Do poeta e dos homens
Aqui o compasso é outro, também é outra a fala, menos filosófica, mais utópica, mais engajada, mais programática, atenta aos debates e às urgências dos ‘dias em riste’ ou ‘dos estrangeiros de nós próprios’, como acontece num poema como “Quando a Pátria que é nossa”:
Quando a pátria que é nossa
Quer-se assim esgravatada e repilhada
Até aos limites do seu interior,

Quando a pátria que é nossa
Quer-se assim regateada e leiloada
À taxa diária do sangue, suor e lágrimas
De milhões de braços, e uma só força,

Quando a pátria que é nossa
Quer-se assim assaltada pelos flancos
Da sua beleza e contornos da sua geografia,

Quando a pátria que é nossa
Quer-se assim reassaltada por gente
De outrora e de paragens distantes,

Quando a pátria que é nossa
É assim cobiçada por mercadores
De insónias e arautos do caos
E da precariedade,

Todo silêncio e todo exílio serão
Sempre iguais à pátria que é nossa. (p.33)

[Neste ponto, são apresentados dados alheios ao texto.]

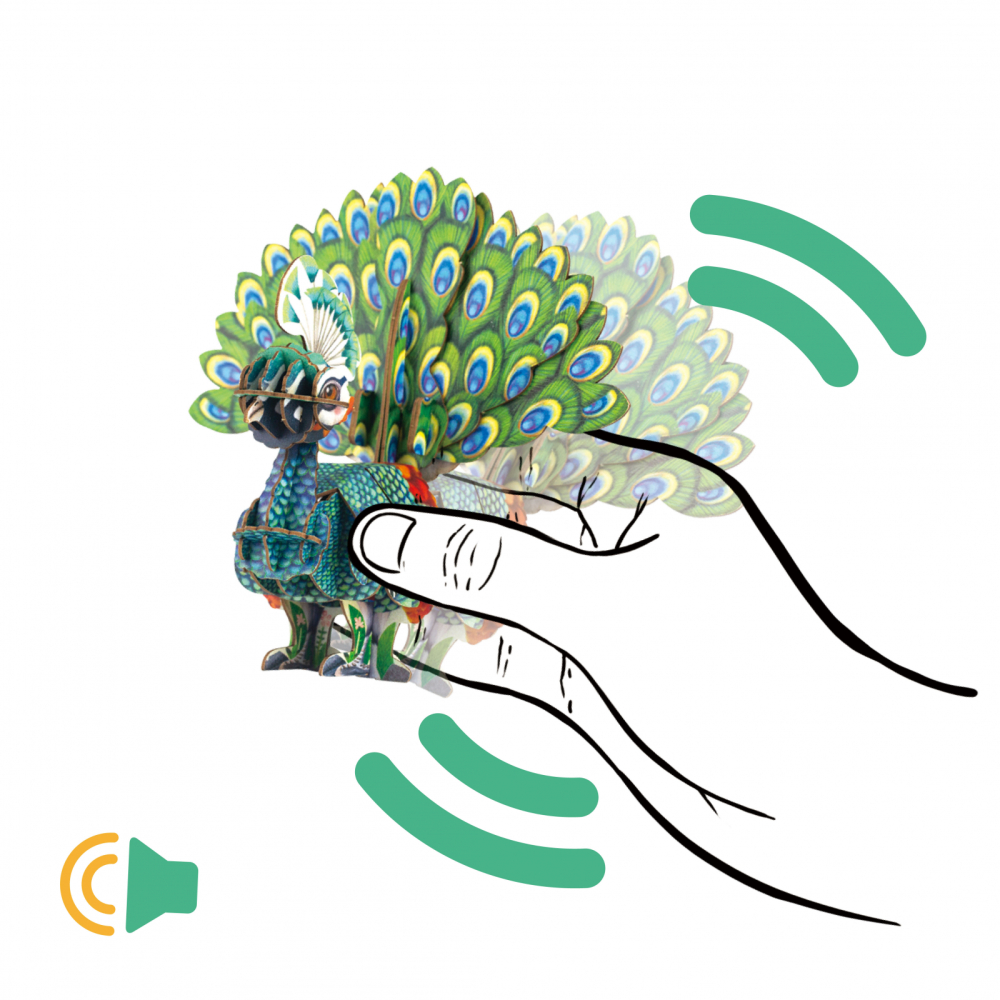 Puzzle 3D cu sunete - Paun, Build  n  Sound [5]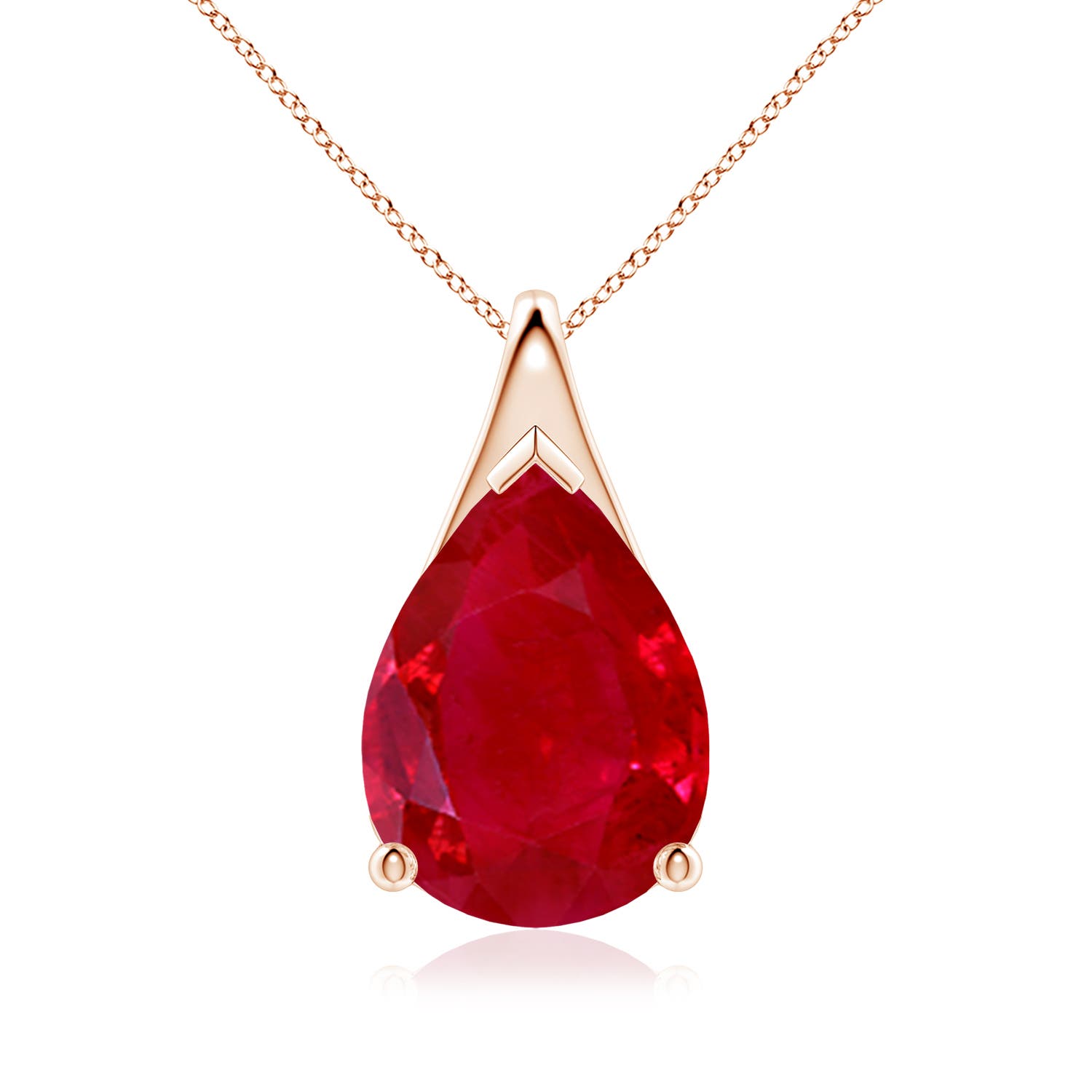 AAA - Ruby / 7.9 CT / 18 KT Rose Gold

Trata-se, como se pode depreender, de um mundo conturbado, um mudo do presente, actual, que, se não espaça à atenção do pacato cidadão, do homem mais comum, parece encontrar na alma do poeta a urgência de denunciar, quando muito não seja, pela razão desse presente trazer-nos à memória as lições do passado.
DO POETA E DO SEU HOMEM
Este é um universo de dor, de silêncio, de ausência; um mundo, enfim, elegíaco, repleto de vida e de morte. Um mundo que nos reenvia, necessariamente, à intersecção, ao liame entre o homem e o poeta desta obra (a julgar pela dedicatória que leva um poema como “Estes dias sem a Milena”) e a uma memória que parece ameaçar “anoitecer” a fala a ambos:
Sob a luz difusa
E dependurada
Na parede dos dias
Procuro nos contornos
Da tua ausência
O sentido de ser
E continuar aqui (p.51)

Estas são As falas do poeta, uma voz da própria poesia, voz da pátria, voz do homem; voz por essas dimensões errática, mas ancorada numa memória umas vezes saudosa, outras vezes de dor e pesadelo:
O novo xiconhoca
É um personagem nosso
Mas da era contemporânea.
Difere em grande do xiconhoca
Original, tanto é que de originalidade
É o que lhe falta em demasia (...)
Possui várias tonalidades de carácter
Ideológico, religioso e fetichista
Que exibe em função das fases da lua
Ou do fluxo e refluxo da preia-mar (...)

O novo xiconhoca é um fingido
De se lhe tirar o guarda-chuva.
Faz de conta que está na mesma trincheira
Com os outros, ou na mesma procissão
De combate à pobreza absoluta.
Descobriu que no meio da maioria é mais
Fácil driblar tanto por dentro como por fora,
Pois goza da aura sagrada de homens e mulheres
Arautos da liberdade colectiva.
É ardiloso na conceptualização do abstracto
E ignora que o problema maior de momento
Esta na ausência total ou presença excessiva
Do odor milenar à terra molhada,
Que convoca a saudade da lua cheia
Ou do verde esperançoso das espigas de milho (p.34-47).

Lucílio Manjate


[1]Em DURANTI, Alessandro, (1997), Linguistic Anthropology, New York: Cambridge University Press.